I have the memory of a bustling mother who hosted many in the homes she inhabited over the years. She with my father were, in their stateside missionary years, hosts for missionaries in transit from their fields of work abroad to their homes for furlough. The dinner table was long and set with many inexpensive dishes that fed a crowd. My father ferried people from train, plane and boat to the home and back again. Besides food and transportation, they were busy with helping find medical resources, shopping and assisting in making connections to the next points on the itinerary. All this was done in between the rhythm of daily prayers and ongoing helpful conversation.

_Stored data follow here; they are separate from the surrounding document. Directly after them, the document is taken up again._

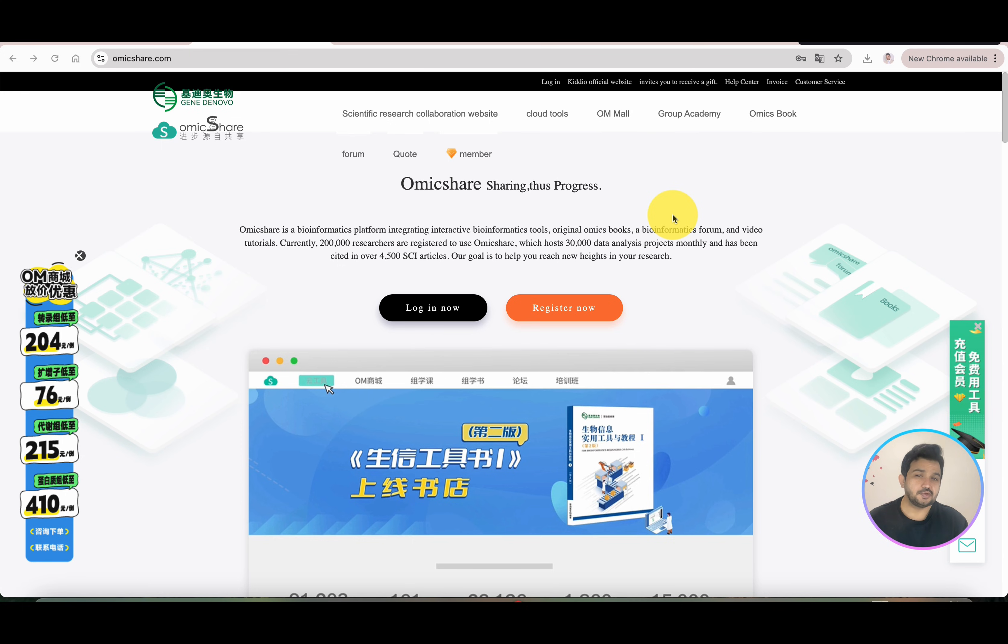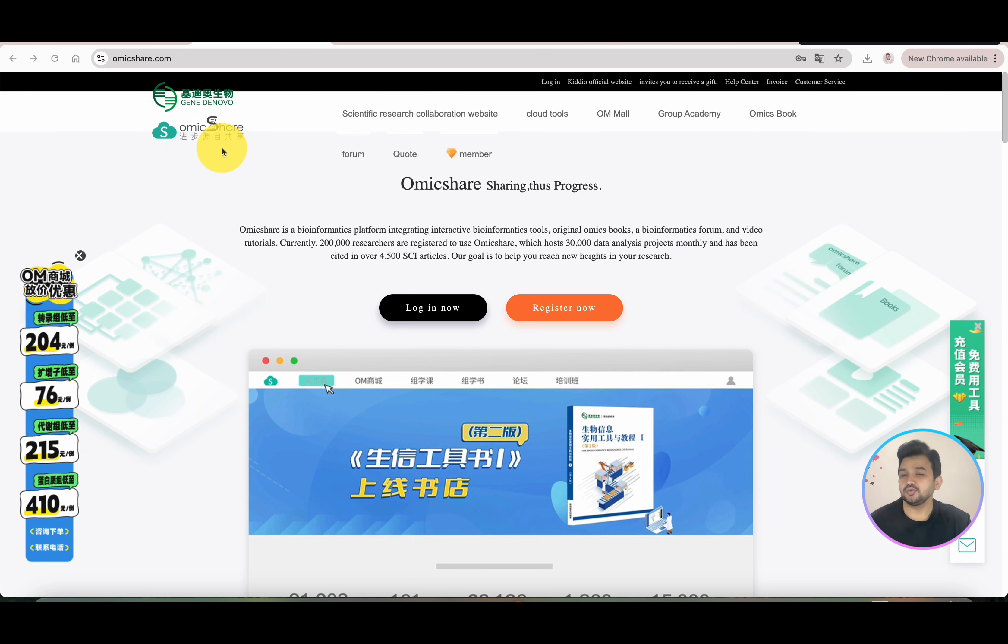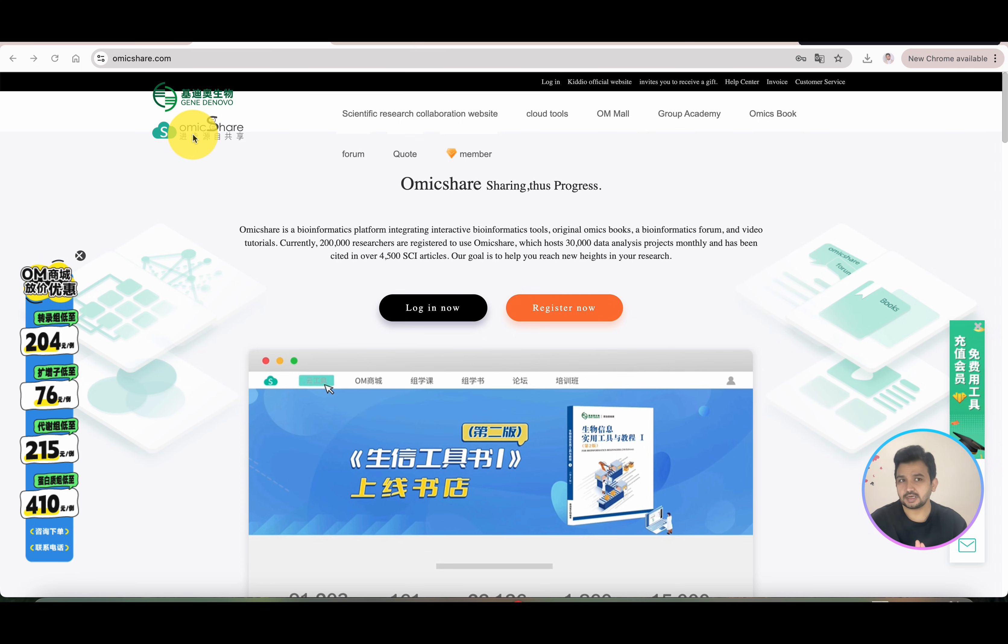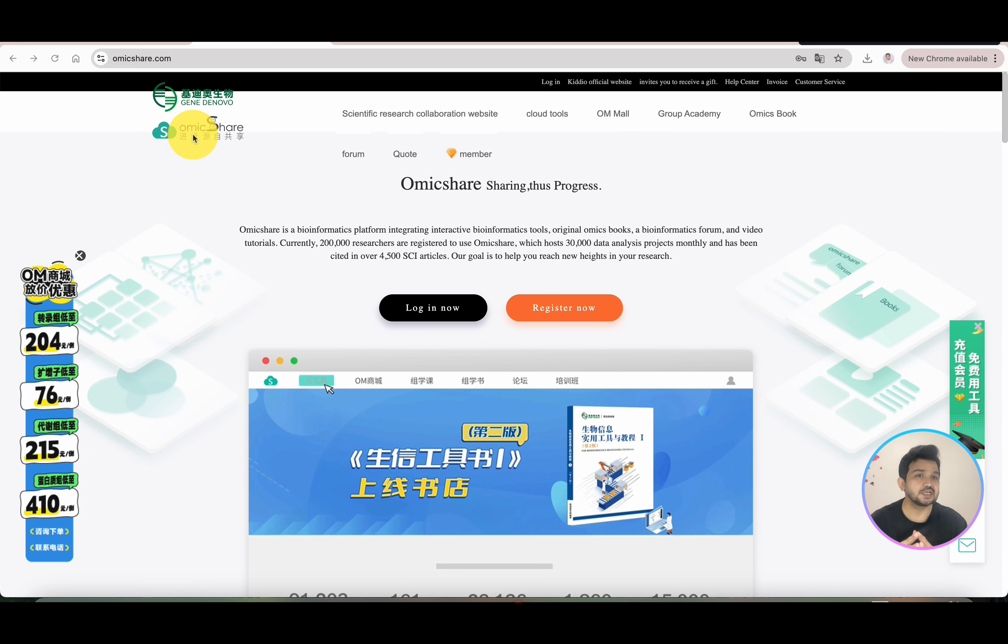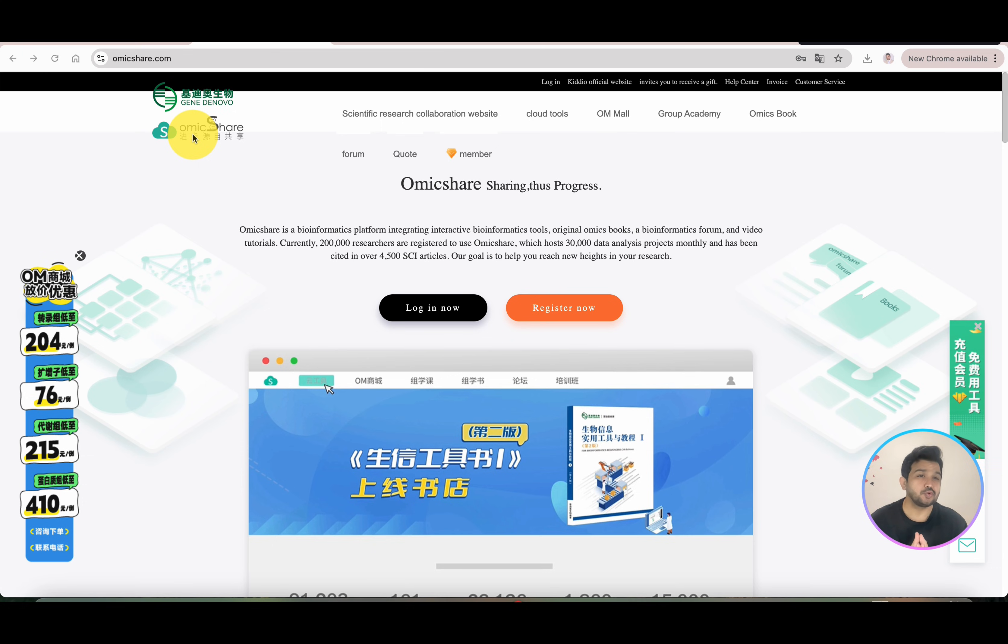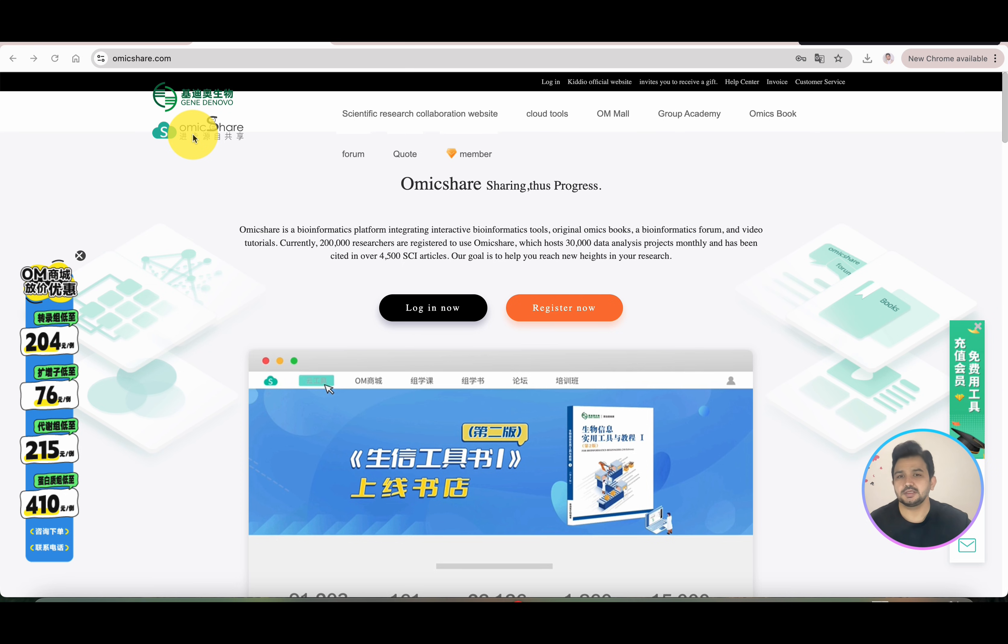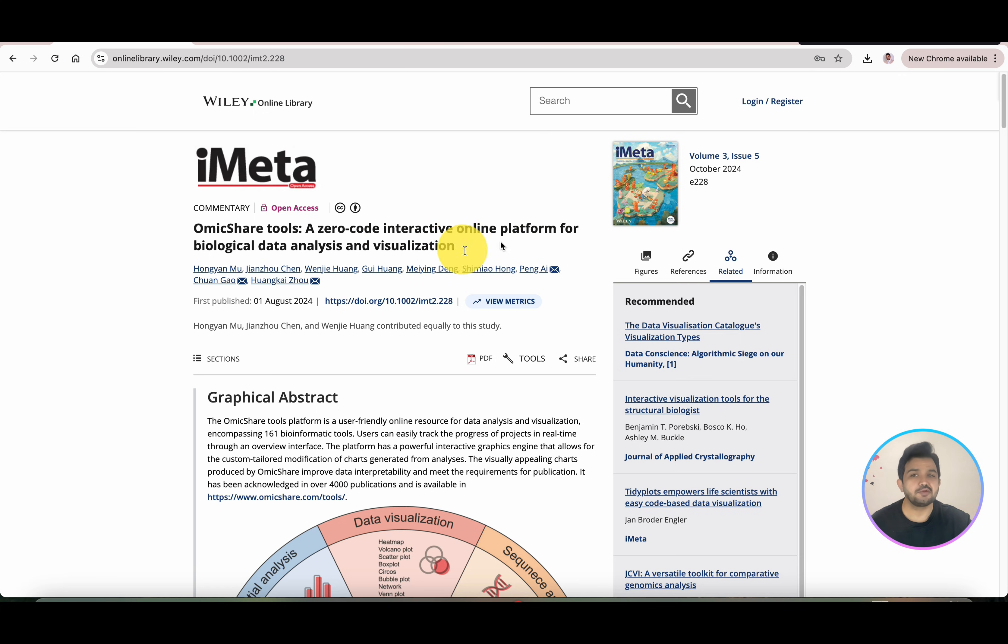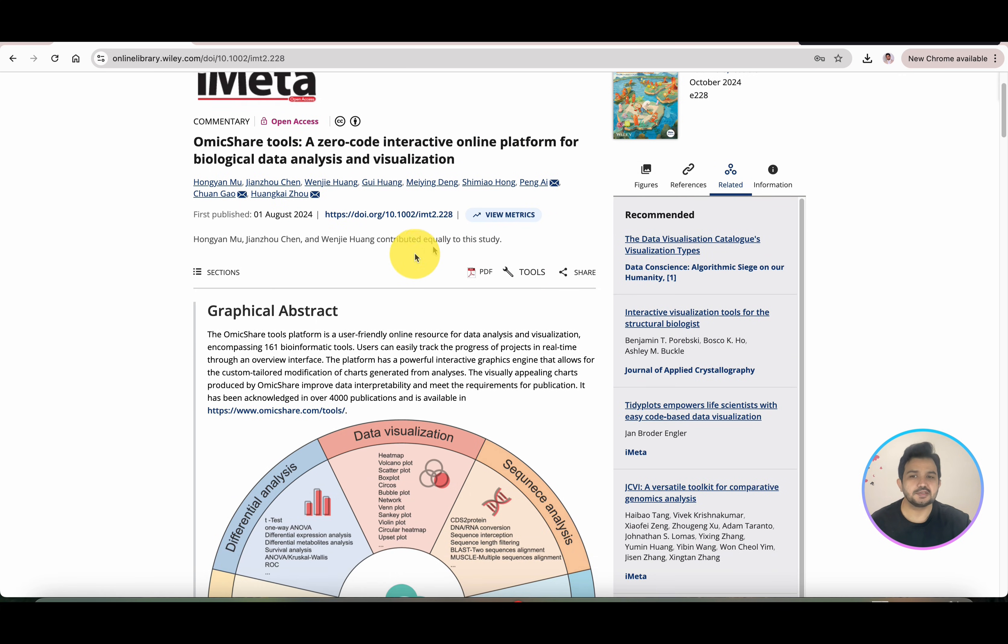Welcome to another video tutorial. In this video, I will show you a new database called OmicsShare. This database also integrates several different bioinformatic tools and software like we have previously explored, such as SRplot, CNS, and many others. OmicsShare is a zero-code interactive online platform for biological data analysis and visualization.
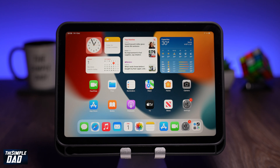Welcome back everyone. In this video I want to show you how to install apps or games on your iPad Mini 6. By following this process you'll be able to install any apps or games from the App Store.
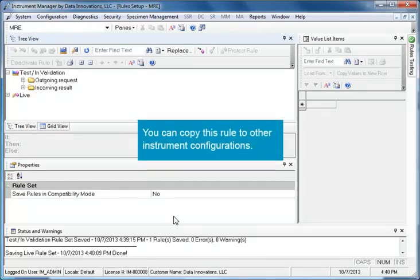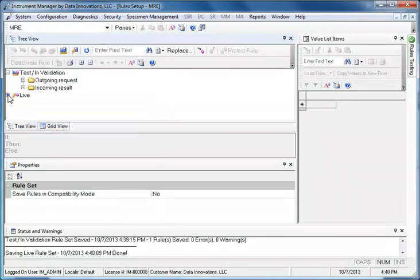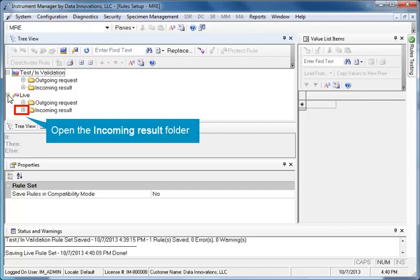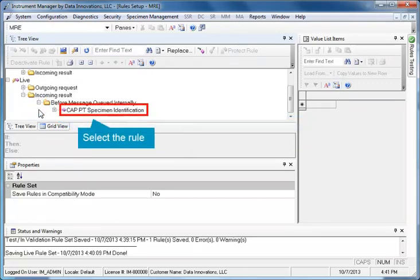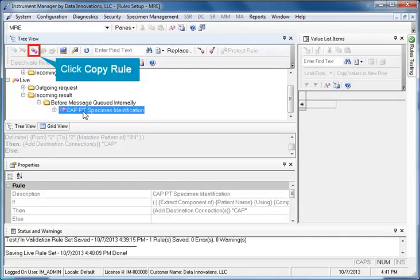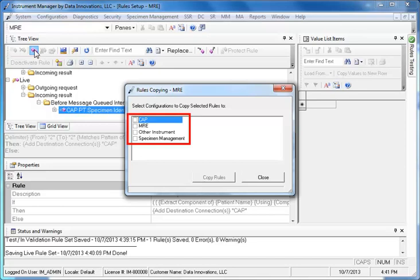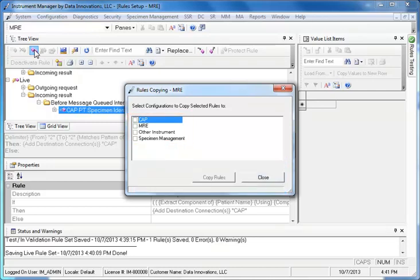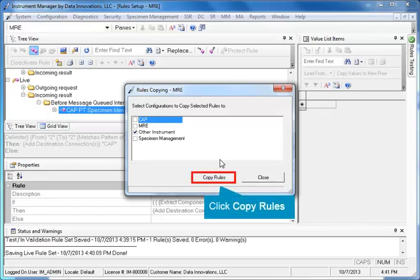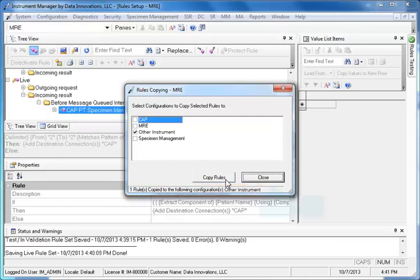You can copy this rule to other instrument configurations. To do this, open the Live folder in the tree by clicking its plus sign. Open the Incoming Result folder, then open the Before Message Queued Internally folder. Select the Rule, then click the Copy Rule button in the toolbar. A window opens showing a list of available instrument configurations. Check the configuration to which you want to copy the rule. In this example, we'll check Other Instrument. Click the Copy Rules button. A message appears at the bottom of the window confirming that the rule was copied. Click Close.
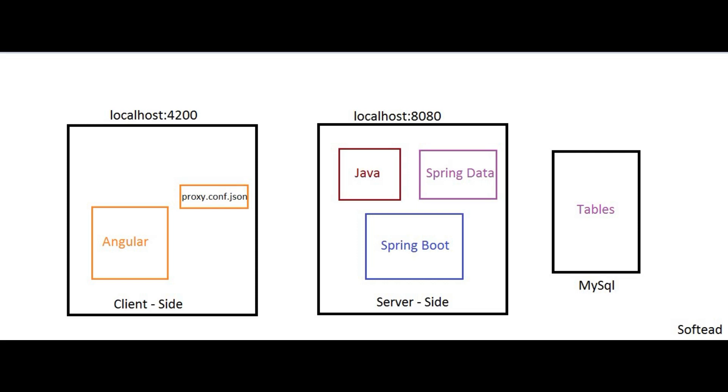The interesting part is how can the client-side and server-side application communicate with each other? Here you can see my server-side application is running on port 8080 on the same localhost, and the client-side application is running on port 4200.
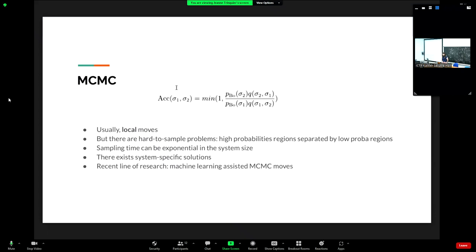The problem is that there are hard-to-sample problems where high probability regions are separated by low probability regions. With local moves, you spend a lot of time going from one high-probability region to another. In some models, the sampling time scales exponentially in the system size, making local MCMC completely impractical — you never reach equilibrium.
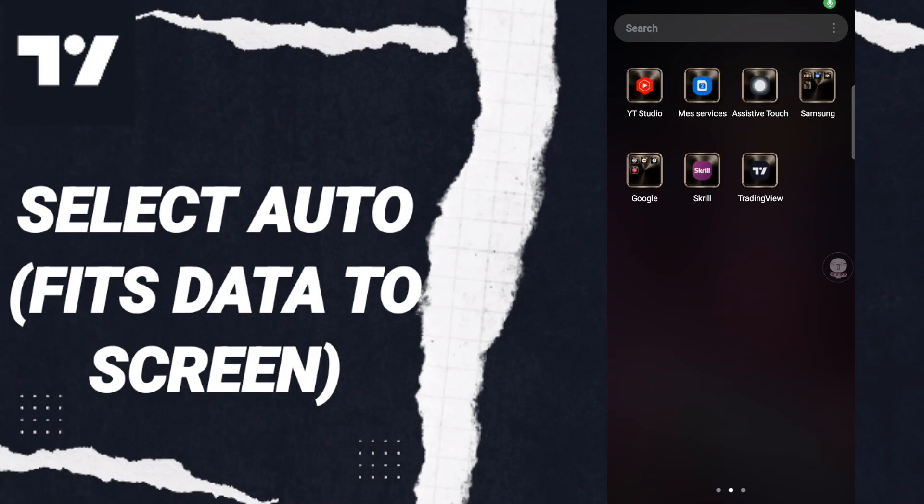Hi everyone, today we will talk about how to select auto-fits data to screen on the application of TradingView. Do you know how to select auto-fits data to screen on the application of TradingView?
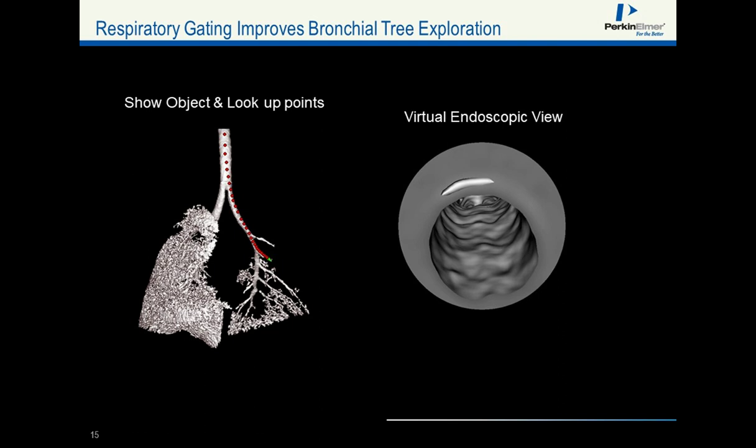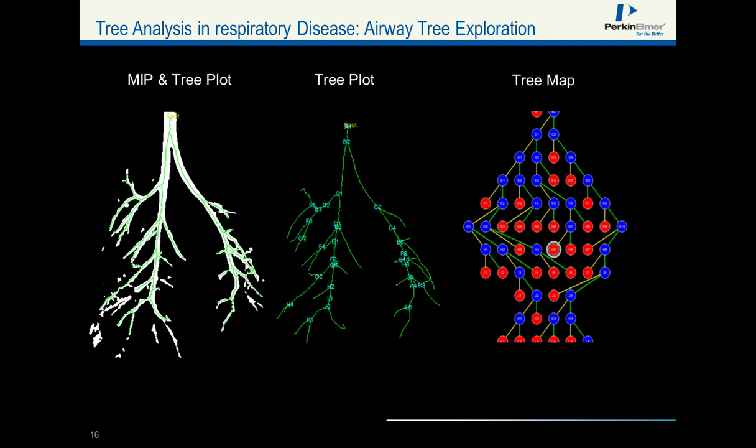Instead of external reconstructions, internal reconstructions can be performed to produce virtual endoscopic views — looking through different organs like blood vessels or airways to see disease from the inside. Other reconstructions allow exploration of airway and vascular trees, calculating number of branches, bifurcations, and tortuosity of segments — very useful for analyzing abnormal blood vessels.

Another icon of hospitality for me was my first spiritual director. Her home in my imagination was a Hobbit House–cozy, warm, and full of icons of Spirit, some classic, some personal signs of her own. More important than the place was her presence. She was always smiling and welcoming, and as we talked, for over 20 years, she brought to me an attentiveness, supported by an accumulated memory of who I was and where I had been. I was not just a generic guest, but I was a particular visitor, in that sacred moment and place, whose journey was worthy of all the time and listening the hour afforded.

As I turn into Holy Week this weekend, I am drawn to the occasions when Jesus was offered hospitality–the supper where his feet are anointed by a woman who did what she could; a Passover meal in an upper room, where he welcomed his beloved one by washing their feet; a sharing of a loaf of bread and a cup of wine, his icons of himself, given to those around the table. On each occasion, someone prepared the material of the meal and the place for eating it in readiness for the welcome. And in each, someone, Jesus, became the host in attending the the deep need of Spirit, for a sacred space and sacred moment in which to experience the Spirit.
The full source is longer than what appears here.